▶ _Exercise description_: Copy out exactly the stretch of the listing below that begins at the line containing "Photo of Boss Coffee Iced Latte 4.0x237ml" and ends at the line containing "Casa + duplex", and copy nothing outside it.

▶ _Source records_:
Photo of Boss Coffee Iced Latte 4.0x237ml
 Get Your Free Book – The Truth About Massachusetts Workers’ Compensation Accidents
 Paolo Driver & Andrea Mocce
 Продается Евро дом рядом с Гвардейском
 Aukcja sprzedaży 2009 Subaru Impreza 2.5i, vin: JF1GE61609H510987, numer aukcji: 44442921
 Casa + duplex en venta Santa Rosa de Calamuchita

* * *

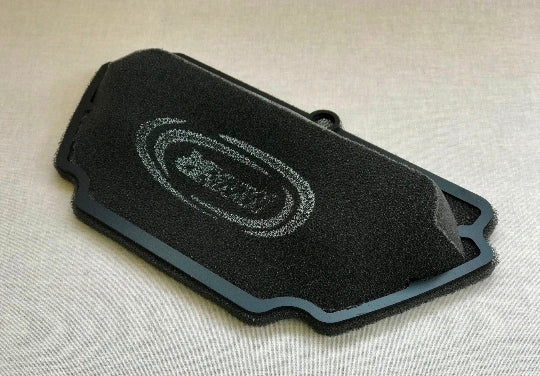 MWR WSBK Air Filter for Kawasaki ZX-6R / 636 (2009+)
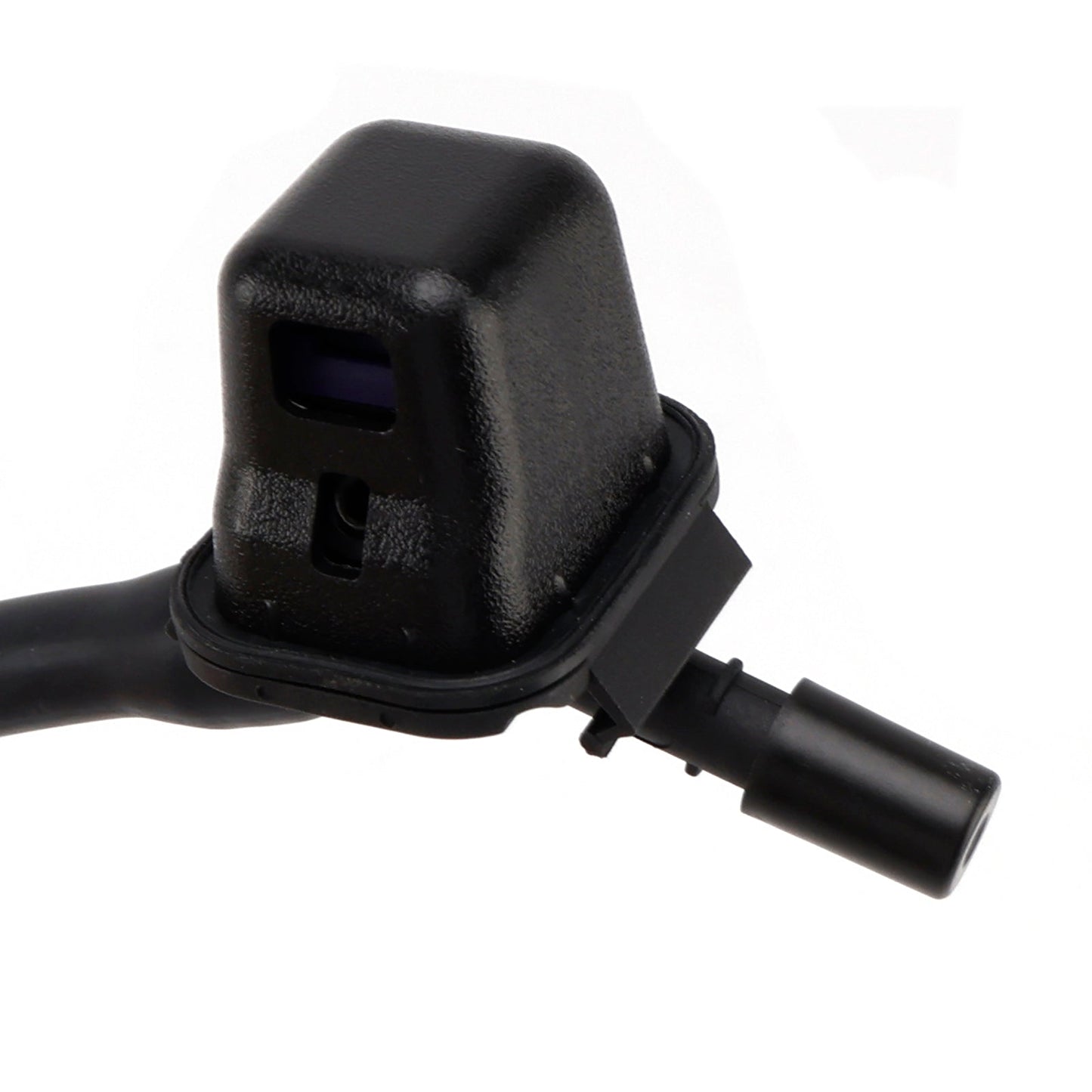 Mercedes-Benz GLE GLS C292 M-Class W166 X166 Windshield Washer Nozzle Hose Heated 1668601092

--

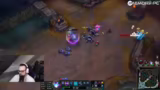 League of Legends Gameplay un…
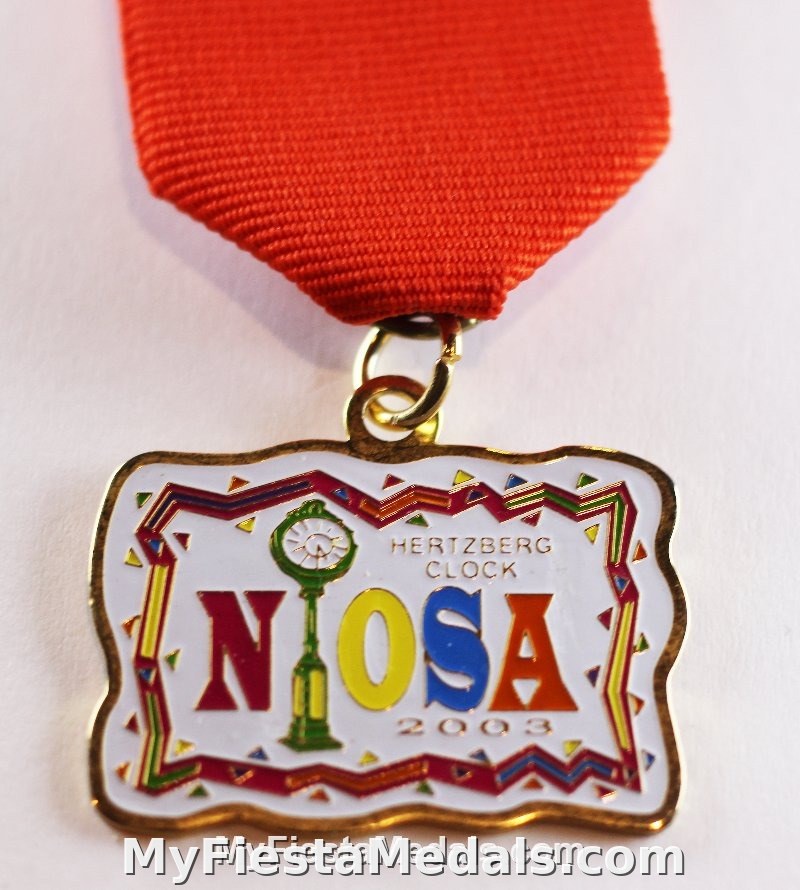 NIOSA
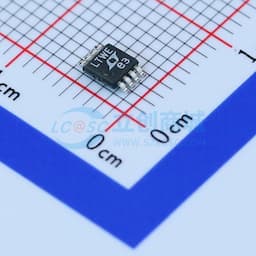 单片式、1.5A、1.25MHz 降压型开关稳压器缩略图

▶ _Expected answer_:
Photo of Boss Coffee Iced Latte 4.0x237ml
 Get Your Free Book – The Truth About Massachusetts Workers’ Compensation Accidents
 Paolo Driver & Andrea Mocce
 Продается Евро дом рядом с Гвардейском
 Aukcja sprzedaży 2009 Subaru Impreza 2.5i, vin: JF1GE61609H510987, numer aukcji: 44442921
 Casa + duplex en venta Santa Rosa de Calamuchita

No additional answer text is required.